In recent years Robbinsdale Area Schools (Rdale) has invested deeply in professional development called Language Essentials for Teachers of Reading and Spelling – better known as LETRS.
LETRS focuses on giving teachers a “deep understanding of the processes and science” of how children learn to read. A new grant award will allow two Rdale schools, Lakeview and Sonnesyn, to go even deeper and develop teaching and techniques that can then be shared across the district.
One of the largest grants ever made by the Ciresi Walburn Foundation, the award of $450,000 over three years is not to the schools themselves but to ServeMN, which administers AmeriCorps programs including Minnesota Reading Corps. The goal of the funded project is to improve student literacy and literacy instruction – with results the foundation expects to share and replicate.

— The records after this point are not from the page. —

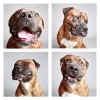 The-Dogs-Photo-Booth_14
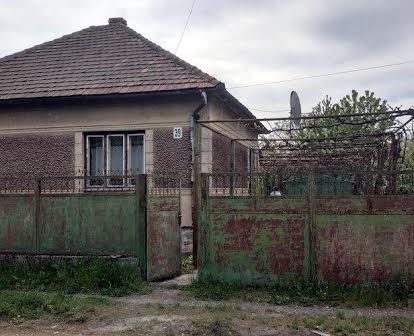 Продається будинок м.Берегово вул.Тургенева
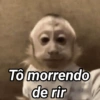 Tô morrendo de rir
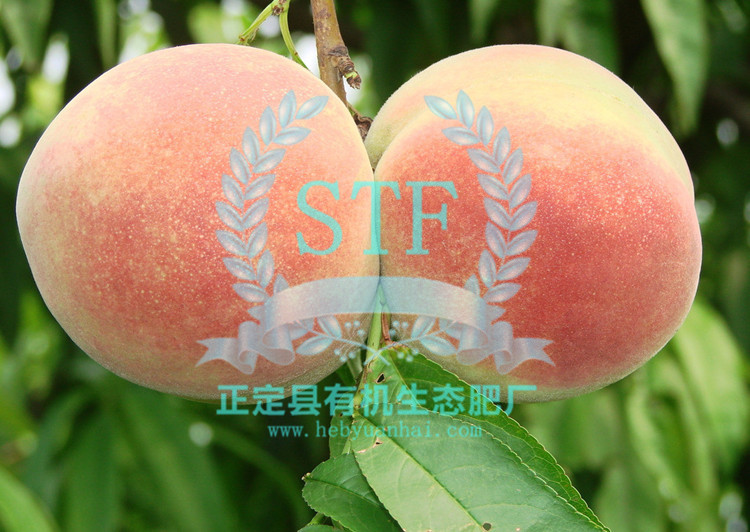 �����л���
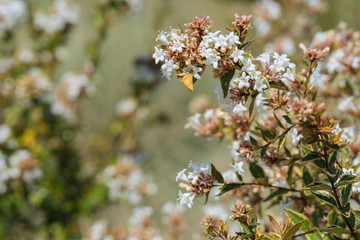 blooming tree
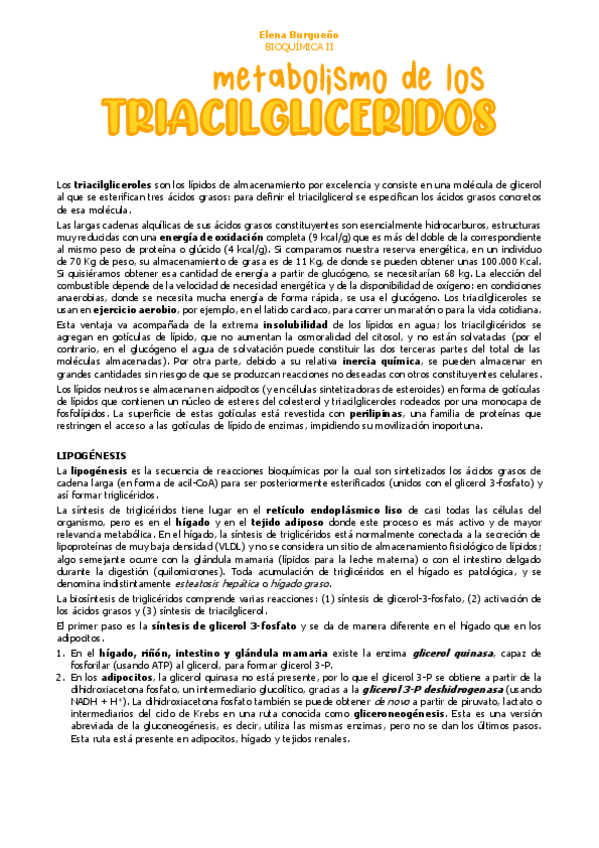 Miniatura del documento 17.-METABOLISMO-de-triacilgliceridos.pdf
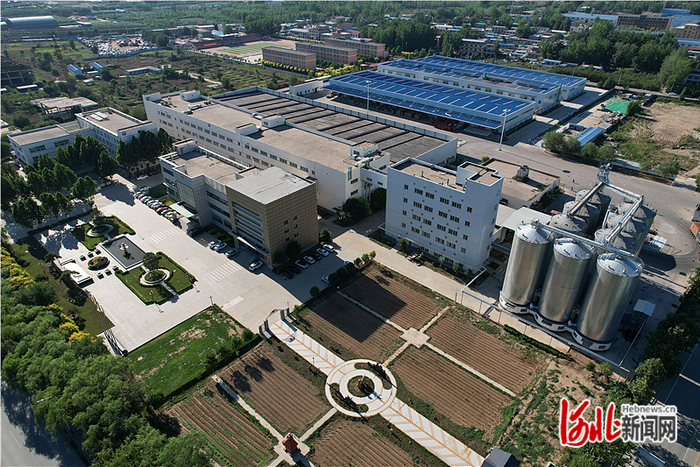 位于定兴休闲食品小镇的河北西麦食品有限公司俯瞰图。 河北日报通讯员郝建利摄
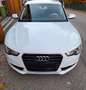 Audi A5 SB 2,0 TDI (Sommerfahrzeug) Weiß - thumbnail 2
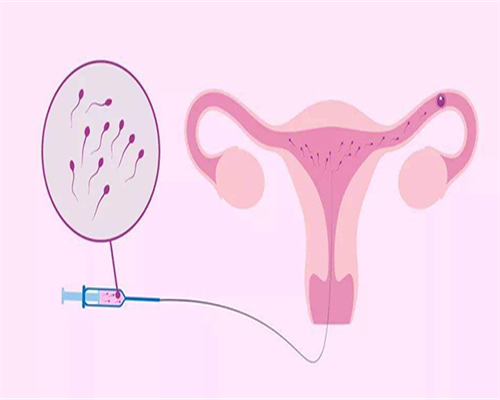 供卵增卵机构：秋天备孕什么茶适合喝？怀胎了不行吃茶吗？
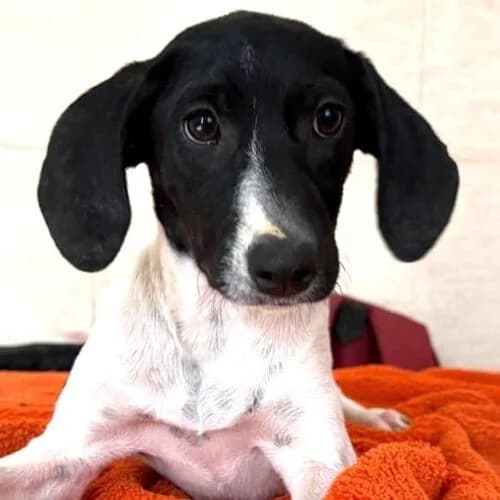 Cami, female puppy Mixed Breed for adoption at Viva la Hund, Nettersheim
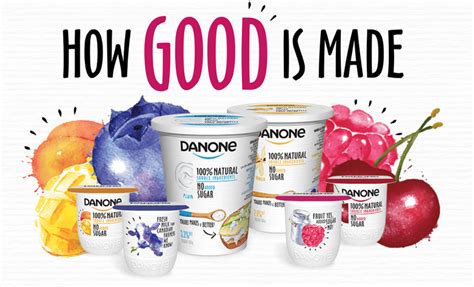 Danone Frozen Yogurt Nutrition | Besto Blog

Bridget Hall, who was Lakeview’s principal for six years and now serves as Rdale’s director of curriculum, is enthusiastic about the opportunities the grant brings to the district. She says the funding will bring “another person to the classroom all day who becomes part of the tapestry – an additional adult from morning meeting through the end of the day. That person will be planning with the teacher and bringing in a toolkit with strategies that support reading.”

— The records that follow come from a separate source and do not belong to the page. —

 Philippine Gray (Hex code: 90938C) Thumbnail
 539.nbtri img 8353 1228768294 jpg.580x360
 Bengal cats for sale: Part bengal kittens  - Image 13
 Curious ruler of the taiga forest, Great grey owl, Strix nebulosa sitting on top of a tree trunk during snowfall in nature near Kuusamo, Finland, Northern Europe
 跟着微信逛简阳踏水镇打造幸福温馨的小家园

Hall notes that “learning to read is like learning code,” and that teachers use specialized skills to teach that code. “This partnership will allow us to give teachers extra help to become more confident and competent in teaching the science of reading.” She adds that as the three years of the grant funding continue, “we will start to learn how we can replicate this model – which I believe will succeed – with our own staffing and budget.”
Rdale worked with Ciresi Walburn and ServeMN over several months to create this project. Staff and programming will come through ServeMN and will:
- Embed trained, supported tutors in select K-3 classrooms in the two schools to work with students who need extra support learning to read
- Help schools and teachers use data to improve instructional practices
- Strengthen literacy instruction practices for teachers with focus on what is known as the science of reading.

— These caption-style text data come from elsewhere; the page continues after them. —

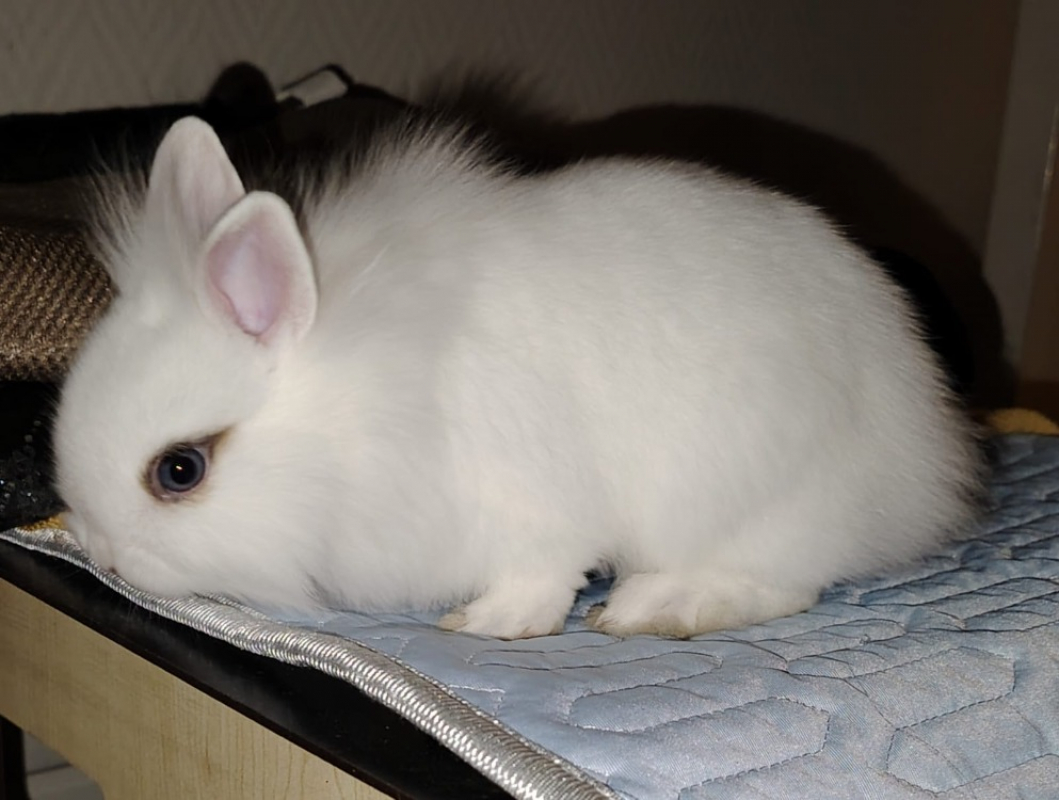 Photo #2 de Petit-lutin dit bounty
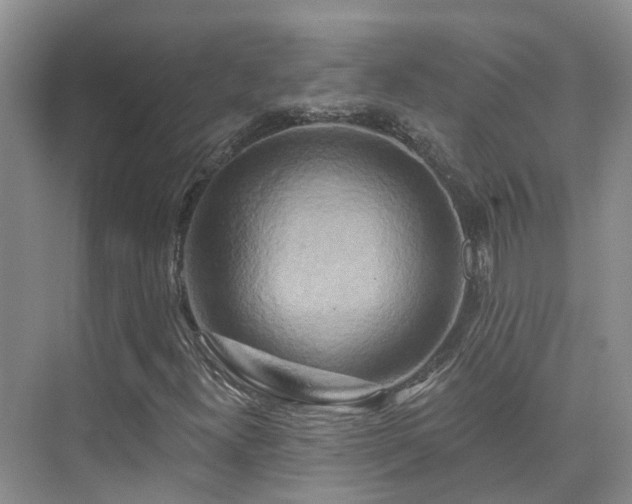 X0000075831300200609151228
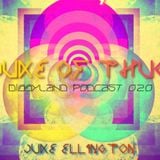 DIGGYLAND PODCAST 020 By Juke Ellington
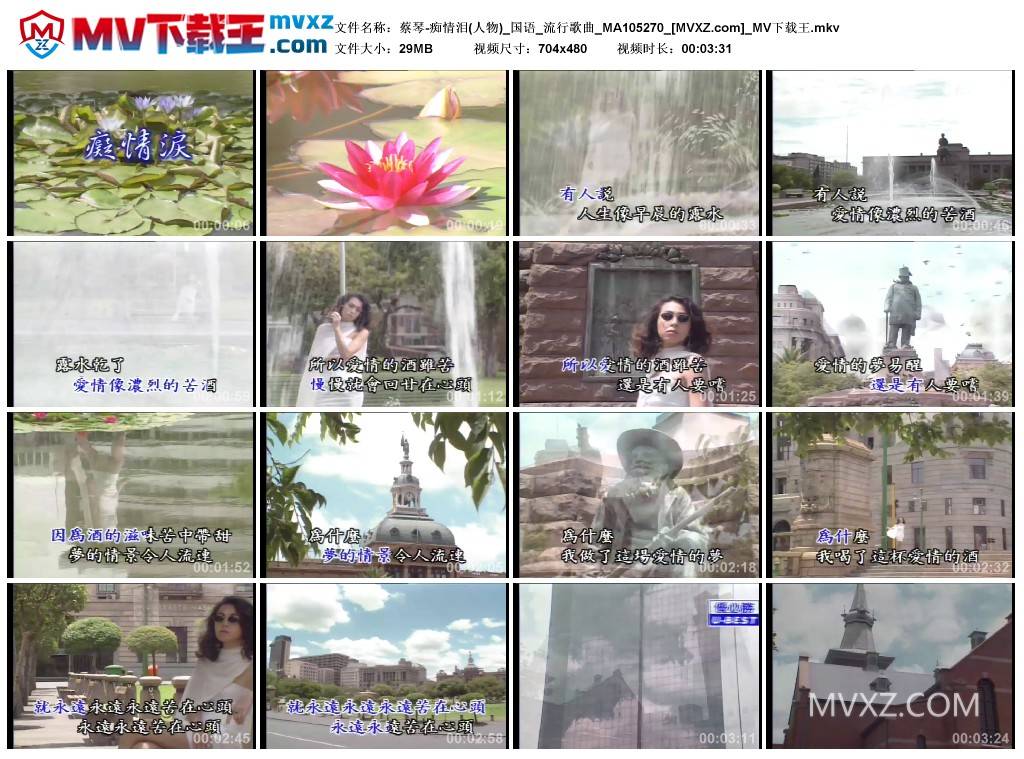 蔡琴-痴情泪(人物)_国语_流行歌曲_MA105270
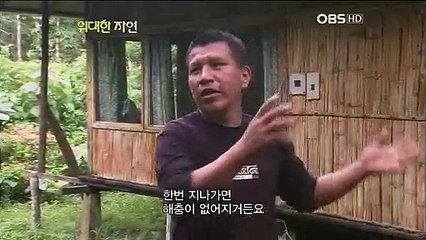 여주출장안마 -100%미인ョØ7Øs4110s6674【YOY87카톡】여주전지역출장마사지샵여주출장go안마ok여주출장마사지황형ЛМН최강몸매20대매니저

The Ciresi Walburn Foundation noted in a press release that “the goal of the partnership is to dramatically improve literacy for students in a set of classrooms within Robbinsdale schools.” They added that they expect the collaboration to “elevate reading achievement scores and provide a ‘proof point’ for what’s possible with a diverse population of students and a blueprint for how that success is achieved.”
In other words, while Lakeview and Sonnesyn are the first schools in the district to benefit from this project, they probably won’t be the last.